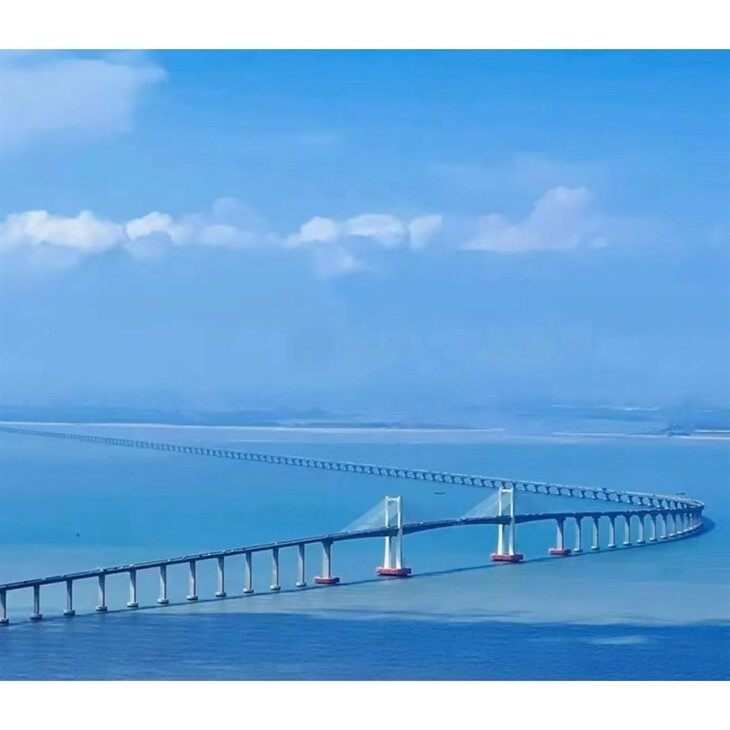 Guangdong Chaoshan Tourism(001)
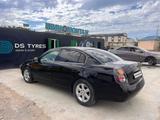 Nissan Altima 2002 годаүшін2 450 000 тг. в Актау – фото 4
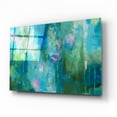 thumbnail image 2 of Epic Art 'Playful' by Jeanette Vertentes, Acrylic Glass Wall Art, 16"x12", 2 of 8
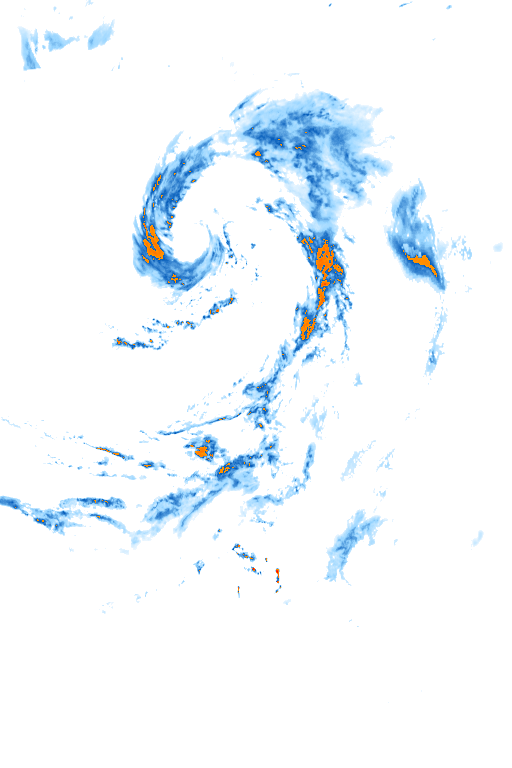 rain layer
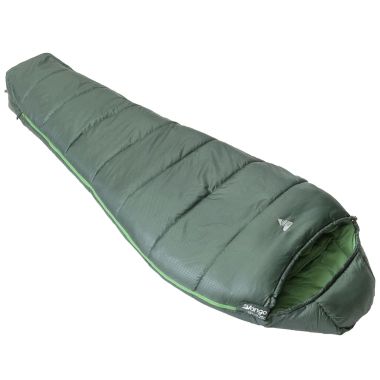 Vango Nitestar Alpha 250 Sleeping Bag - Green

◆ **YOUR GOAL**
Give back each entry verbatim but drop its pictures.

◆ **RESPONSE BOX**
 Guangdong Chaoshan Tourism(001)
 Nissan Altima 2002 годаүшін2 450 000 тг. в Актау – фото 4
 thumbnail image 2 of Epic Art 'Playful' by Jeanette Vertentes, Acrylic Glass Wall Art, 16"x12", 2 of 8
 rain layer
 Vango Nitestar Alpha 250 Sleeping Bag - Green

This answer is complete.